In 2005, to address the license portability and professional identity issues, and in anticipation of the federal standards issue, ACA and the American Association of State Counseling Boards initiated 20/20: A Vision for the Future of Counseling, a consortium of 31 counseling organizations charged with charting a course for the profession. The organizations participating in 20/20 have already reached consensus on seven unifying principles and the definition of counseling — two components critical to our shared professional identity, regardless of practice specialty. Now we are squarely focused on the building blocks to licensure portability, which will allow counselors from one state to transfer their licenses to practice in another state without having to jump through a new set of qualification hoops. The major stumbling block is the widely disparate licensure qualifications that currently exist. To practice in any state, a professional counselor must qualify under the laws existing in that particular state. Obviously, to achieve reciprocity and portability, some states are going to need to change qualification laws and regulations. It is unlikely that those states on the higher end of the continuum are going to lower their standards.

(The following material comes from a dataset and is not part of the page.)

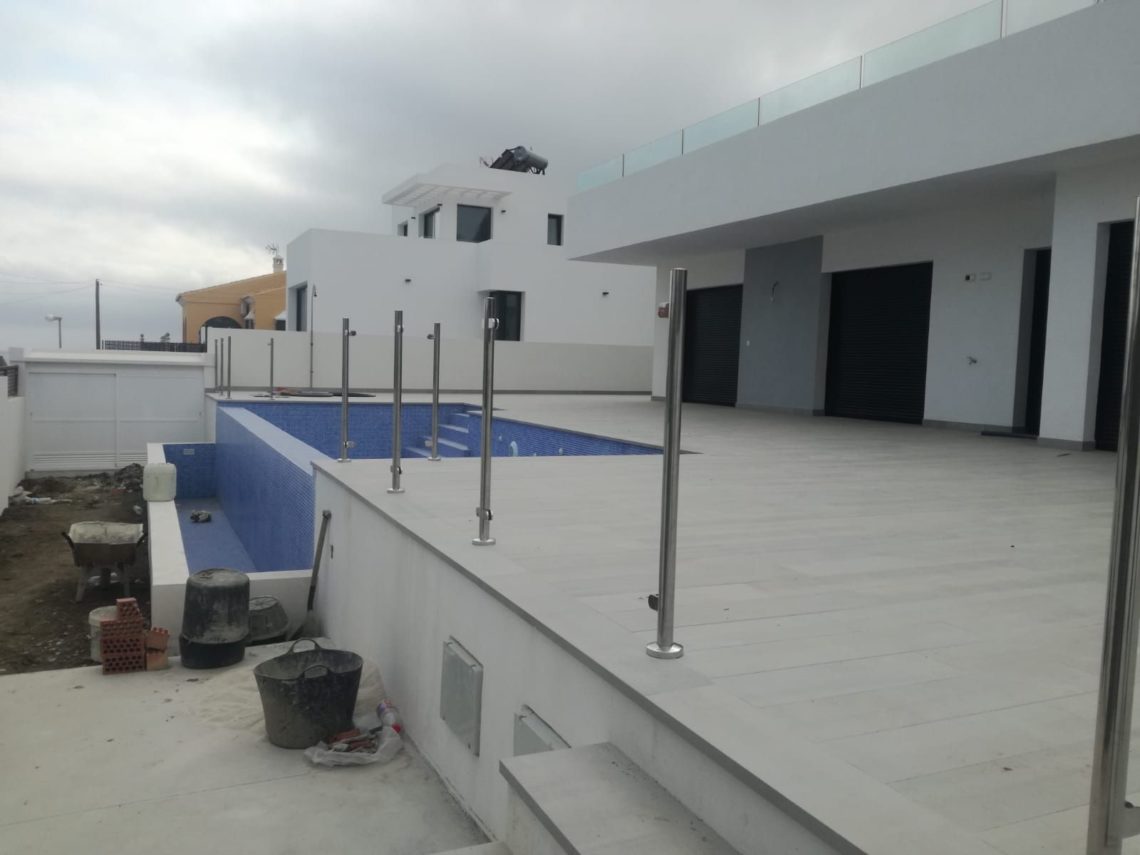 Trabajo de barandillas para piscina Trabajo de barandillas para piscina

Working collaboratively, the 20/20 delegates are attempting to reach consensus on a model licensure title, educational requirements and scope of practice that counseling advocates can use to change and better standardize state licensure laws. The 20/20 delegates already have gained consensus on the title licensed professional counselor, which currently appears in the laws of more than half of the states. The Scope of Practice Work Group and the Education Standards Work Group have completed their subgroup reports, and soon the full 20/20 delegation will take up these final two building blocks. It is our goal to reach consensus on the scope and education provisions at our meeting in Cincinnati in March during the ACA 2013 Conference and to conclude the work of this important consortium. After that meeting, the governing boards of all 31 counseling organizations will decide whether to endorse the proposals.

Without a doubt, the products of this endeavor will not be universally popular. Anytime standards are increased and the bar is raised, some will feel left out despite best efforts to be inclusive and to provide ample transition time and provisions. But I encourage each of you to consider that where we are as a profession today is a far different place than where we were as a profession 30, 50 or 100 years ago. As we progress and reach consensus on important issues, the landscape shifts and new possibilities, initiatives and opportunities emerge and evolve.

The 20/20 initiative was conceived to envision what we wanted the counseling profession to look like in the years beyond 2020. The ideas generated from this effort are just the next evolution of our profession, an opportunity to embrace change and truly practice what we preach to our clients and students — that we are all in the process of becoming, striving to become better people and better professionals. A more standardized approach to how we prepare professional counselors in the future will help us raise the bar of professional practice, better protect the public, and realize our mutual goals of portability and parity with other mental health disciplines.

Throughout this process I have heard some colleagues say, “But how we are training our counselors is already good enough!” My grandmother had a saying: “Good is the enemy of best, and best is the enemy of better.” Where would we be today as a profession if we still trained our students according to the standards of 1960? Change is inevitable, but growth is optional. Raising the bar is good for the public — and for professional counselors.